I shared in my last post about making homemade insect repellant from essential oils that I’m usually on the receiving end of the bites administered by hungry mosquitos. On our wedding day, it looked like I was wearing a necklace of angry mosquito bites in a small area where I had forgotten to spray. Fortunately, there are a lot of natural options available for taking away the itch, as well as reducing the swelling and redness of irritating bites.

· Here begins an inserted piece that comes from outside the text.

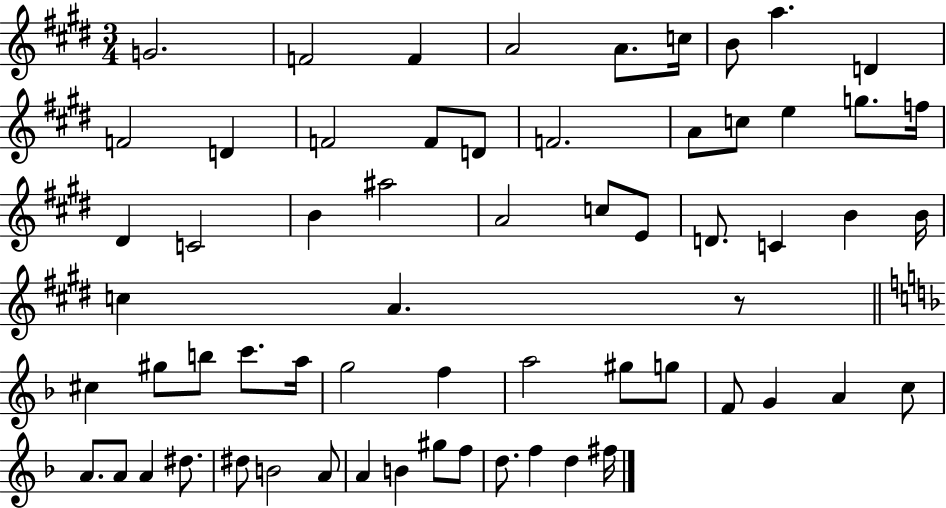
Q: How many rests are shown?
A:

Conveniently, many of the essential oils that you can use in the insect repellant are also wonderful aids for the resulting bites that came beforehand. In many cases you can try to spray a small dab of additional bug spray on the affected area, if you’re using one of these combinations. If you prefer, you can also mix up small roller bottles with a few of these essential oils to carry with you for those times that the spray just won’t do. Because these oils serve so many different purposes, you may already have a few roller bottles mixed up with your favorite combination that will also work for bug bites.
Here are a few of my favorite remedies for itchy bug bites of all varieties:
This is one of the most popular remedies for bug bites, particularly for individuals who are very sensitive to or allergic to mosquito bites. Lavender oil mixed with a carrier oil (almond oil or fractionated coconut oil work well) is a well-known solution for soothing itchy skin. It can also reduce the redness and take down some of the swelling in stubborn spots. A drop or two could also be applied directly to the affected area on a cotton swab or cotton ball. Soaking the area in lavender oil for a few moments will give it a chance to sink into the skin.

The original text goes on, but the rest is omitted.